POPE CONGRATULATES NEW PATRIARCH OF ALEXANDRIA OF THE COPTS

Vatican City, 21 January 2013 (VIS) – The Holy Father has written a message to the new Patriarch of Alexandria of the Copts, His Beatitude Ibrahim Isaac Sidrak, in which he writes that his election to the patriarchal throne is "an important event for the entire Church". In the same letter he grants the "Ecclesiastica Communio", "in conformity with the custom and the desire of the Catholic Church".

"I am sure," continues the pontiff, "that, with the power of Christ, victor over evil and death by His resurrection, and with the cooperation of the fathers of your patriarchal synod, in communion with the college of bishops, you will have the courage to guide the Coptic Church. … May the Lord help you in your ministry as 'Father and Head', to proclaim the Word of God, so that it may be lived and celebrated with piety according to the ancient spiritual and liturgical traditions of the Coptic Church and may all the faithful find comfort in the paternal care of their new patriarch."

AUDIENCES

Vatican City, 21 January 2013 (VIS) - This morning, the Holy Father received in separate audiences:

Cardinal Angelo Bagnasco, archbishop of Genoa, Italy and president of the Italian Episcopal Conference, and

six prelates from the Calabria region of the Italian Episcopal Conference on their "ad limina" visit:
- Archbishop Salvatore Nunnari of Cosenza-Bisignano,
- Archbishop Domenico Graziani of Crotone-Santa Severina,
- Archbishop Vincenzo Bertolone, S.d.P., of Catanzaro-Squillace,
- Bishop Luigi Antonio Cantafora of Lamezia Terme,
- Bishop Leonardo Antonio Paolo Bonanno of San Marco Argentano-Scalea, and
- Bishop Donato Oliverio of Lungro of the Italo-Albanians of continental Italy.


On Saturday, 19 January, the Holy Father received Cardinal Marc Ouellet, P.S.S., prefect of the Congregation for Bishops in audience.

OTHER PONTIFICAL ACTS

Vatican City, 19 January 2013 (VIS) – Today, the Holy Father:

- elevated the apostolic exarchate for Ukrainian faithful of the Byzantine rite resident in France, to the rank of eparchy with the title "Saint Wladimir-Le-Grand de Paris des Byzantins-Ukrainiens". He appointed Bishop Borys Andrij Gudziak, previously apostolic exarch of France (Ukrainian) and titular of Carcabia, as first bishop of the new eparchy.

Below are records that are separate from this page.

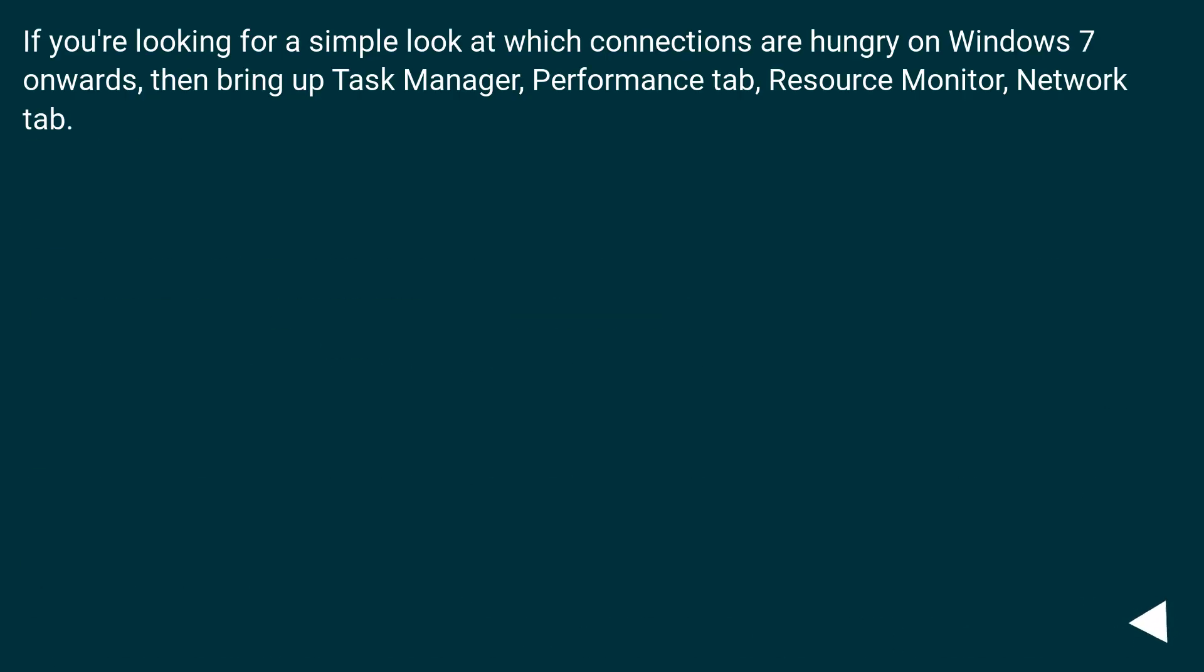If you're looking for a simple look at which connections are hungry on Windows 7 onwards, then bring up Task Manager, Performance tab, Resource Monitor, Network tab.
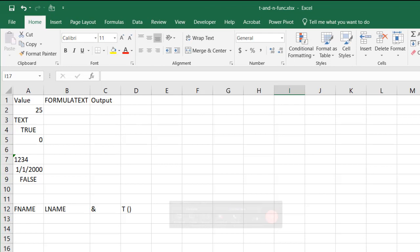Hi, I'm just going to cover one of Excel's interesting functions. Actually there's two functions and they are these one character functions. The T function and then later on the N function.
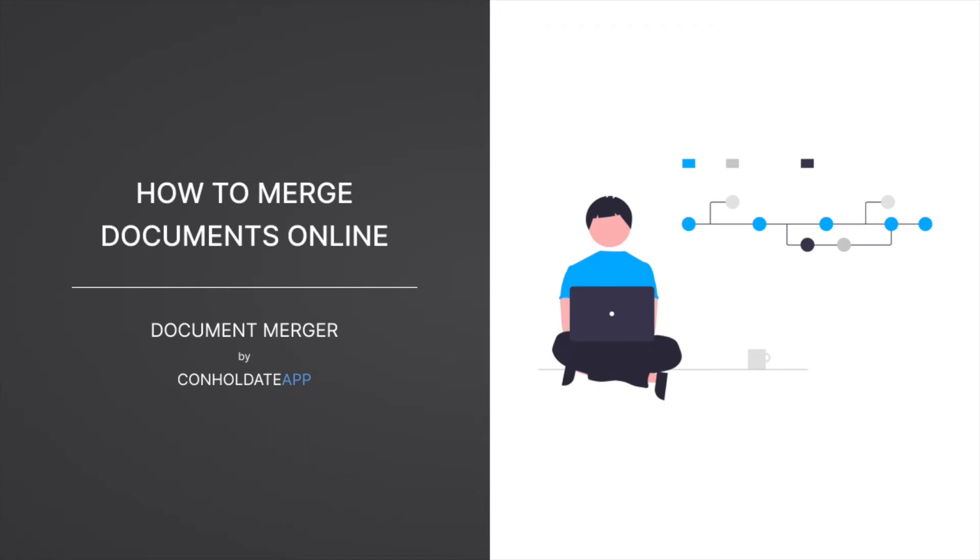Hello and welcome. Today we are going to learn how to merge PowerPoint files online in any browser and without installing any software or plugins.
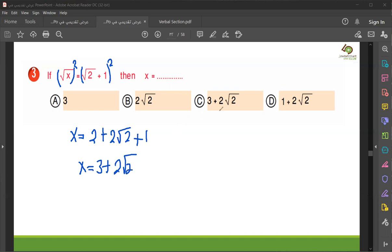So the answer is number C. You see, right? Thank you very much, you are welcome. We finish now the math section. We will go to the verbal section. Bye, my student. Thank you and you are welcome.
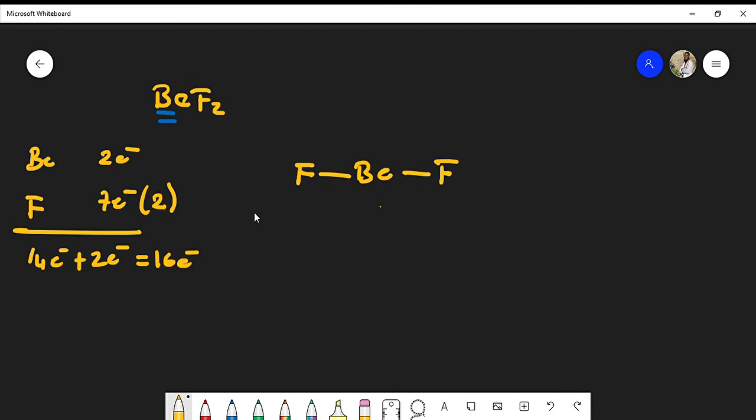At this point, remember that each single bond represents two electrons—in this case, one from the beryllium, one from the fluorine, and on the right side it should be the same. Now fluorine is one of those atoms that must satisfy the octet rule.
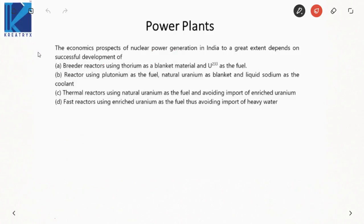The first problem: the economic prospect of nuclear power generation in India depends on successful development of a breeder reactor using thorium as blanket and uranium-233 as fuel; or a reactor using plutonium as fuel, natural uranium as blanket, liquid sodium as coolant; or a thermal reactor using uranium as fuel avoiding import of enriched uranium; or a fast reactor using enriched uranium as fuel to avoid import of heavy water. The answer is A, because uranium-233 must be used as fuel to broaden the economic prospect of nuclear power generation in India.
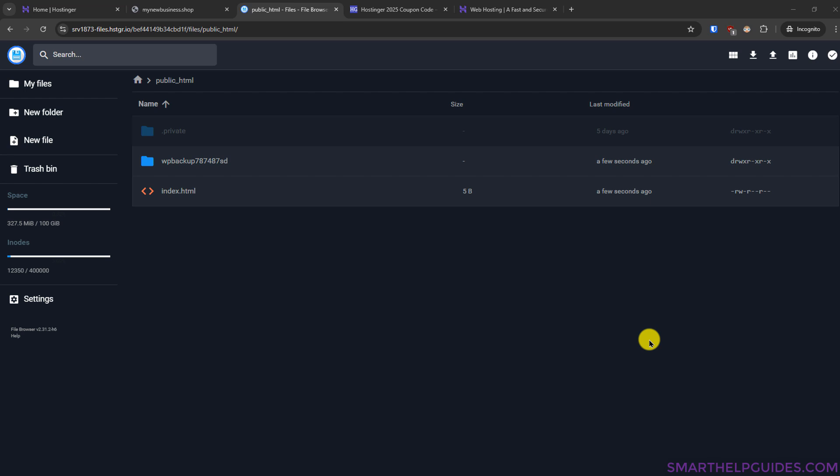Hello everyone, welcome back to another tutorial. Today we are going to learn how you can upload your custom website files online to host your website on Hostinger server to make it live and accessible for everyone.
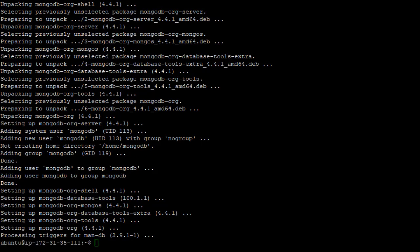All right. And at this point, as simple as that, MongoDB is installed on our Linux server. So now we just need to start the MongoDB server. And we do that with this command here,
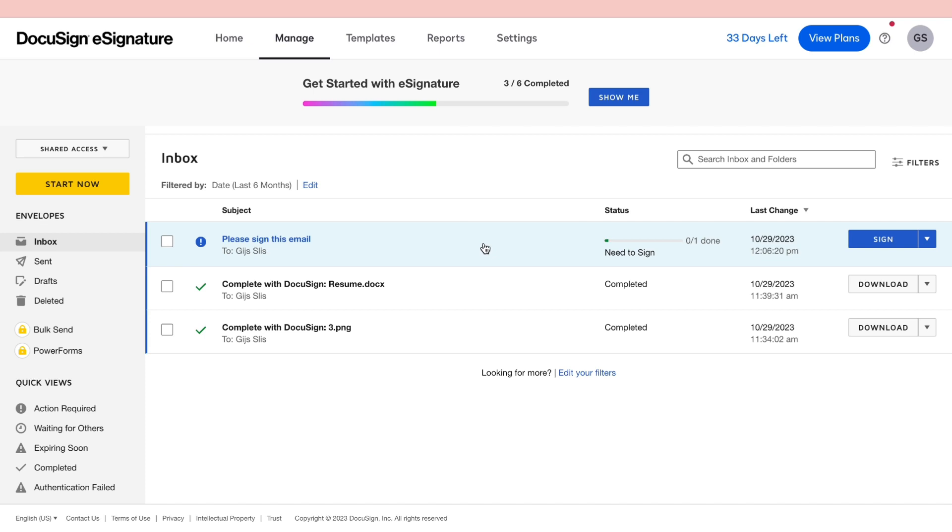And you can go ahead and review it, see if everything's alright. And then it is done. So that's how to send and create a DocuSign document for signature.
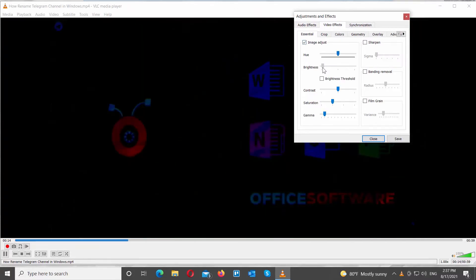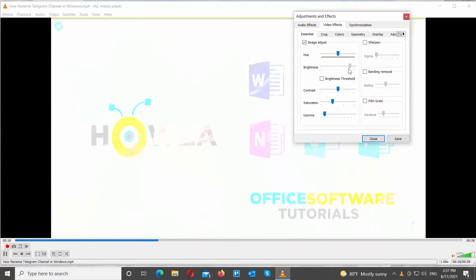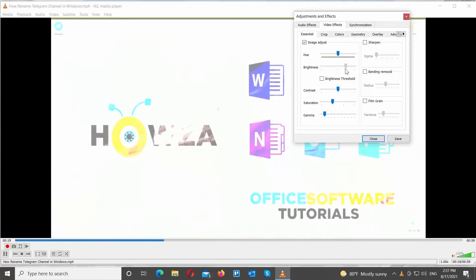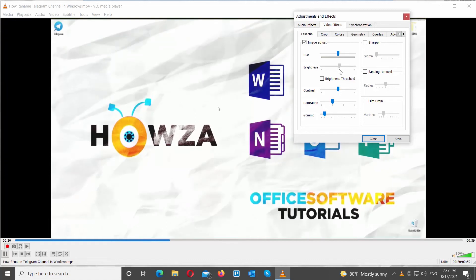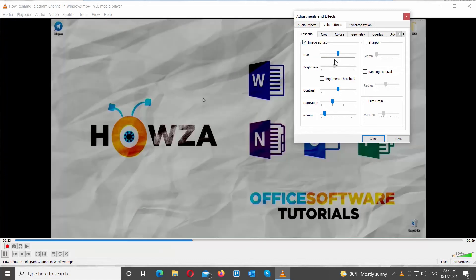Go to Brightness and move the pointer to adjust the settings. If you move the pointer to the left, you will reduce brightness. If you move the pointer to the right, you will increase brightness. Click on Save to apply the changes.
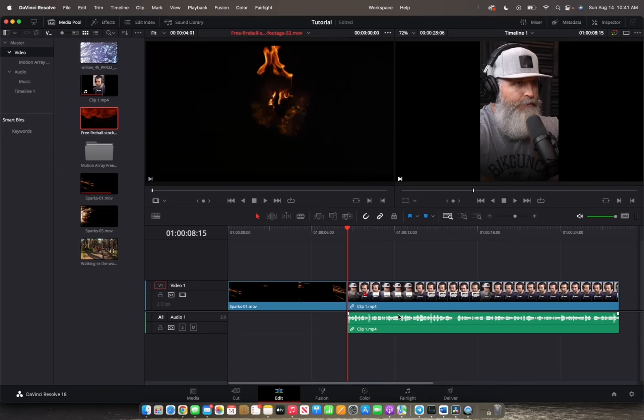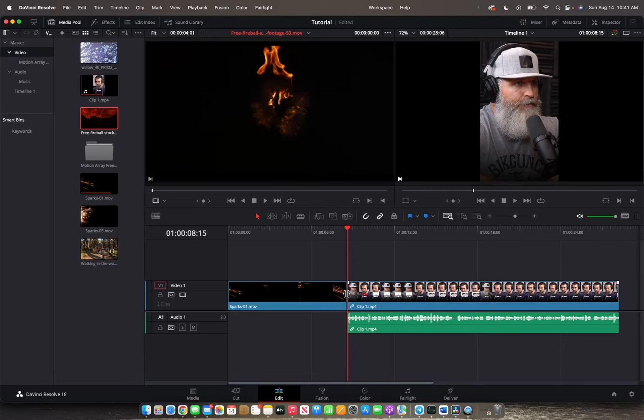What's up guys, today we're going to be going over how to insert a clip in between clips. So what you're going to want to do is, as you can see here, the player head is in between these two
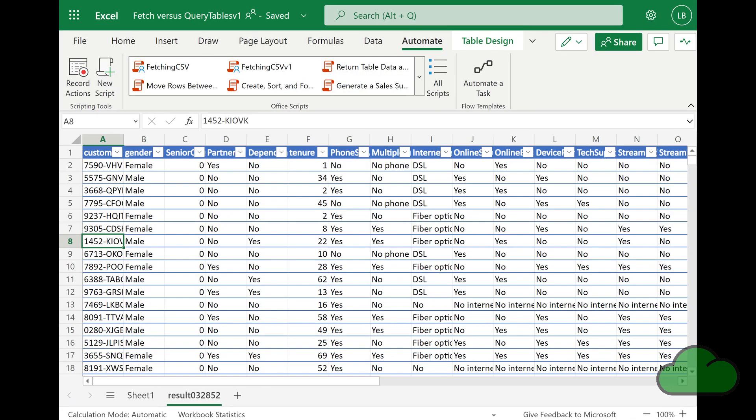Microsoft recently announced new get data functionality for Excel online. It is being rolled out this year, 2022. In the meantime, you can use Office scripts to perform web scraping to obtain data from online resources like GitHub.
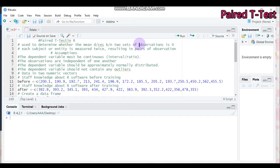Hello! Today we're going to discuss the Paired T-Test using our software. The Paired T-Test is mostly used to determine whether the mean difference between two sets of observations is zero.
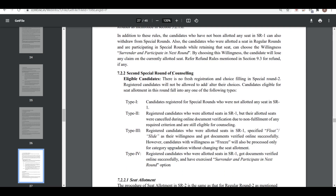Regarding special round 2: there is no fresh registration for special round 2 — this is a very important point. Registered candidates will not be allowed to add or alter their choices. Who participates in round 2? Candidates who could not get any seat in special round 1, candidates who registered for special round 1 but whose allotted seats were cancelled during online document verification, and candidates who were allotted a seat in special round 1 with float or slide as their willingness and got document verified online.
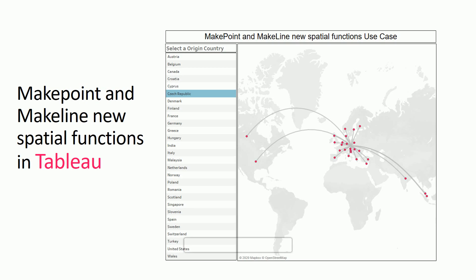These special functions are really helpful if you want to do spatial analysis or draw lines between spatial points.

Bishop Gudziak was born in 1960 in Syracuse, New York, USA, was ordained to the priesthood in 1998, and received episcopal ordination in 2012.

- appointed Msgr. Piotr Sawczuk as auxiliary bishop of the diocese of Siedlce (area 11,440, population 736,800, Catholics 725,800, priests 666, religious 385), Poland. The bishop-elect was born in 1962 in Puczyce, Poland and was ordained a priest in 1987. Bishop-elect Sawczuk, previously vicar general and chancellor of the curia of that same diocese, was assigned the titular see of Ottana.

- appointed Bishop Mathieu Madega Lebouakehan as bishop of Mouila (area 59,035, population 124,000, Catholics 48,500, priests 16, religious 26), Gabon. Bishop Madega Lebouakehan was born in 1960 in Mbigou, Gabon, was ordained to the priesthood in 1991, and received episcopal ordination in 2000. Previously bishop of Port-Gentil, Gabon since 2003, Bishop Madega Lebouakehan was also named apostolic administrator "sede vacante et ad nutum Sanctae Sedis" of that diocese. He succeeds Bishop Dominique Bonnet, C.S.Sp., whose resignation from the pastoral care of the diocese of Moiula the Holy Father accepted, upon having reached the age limit.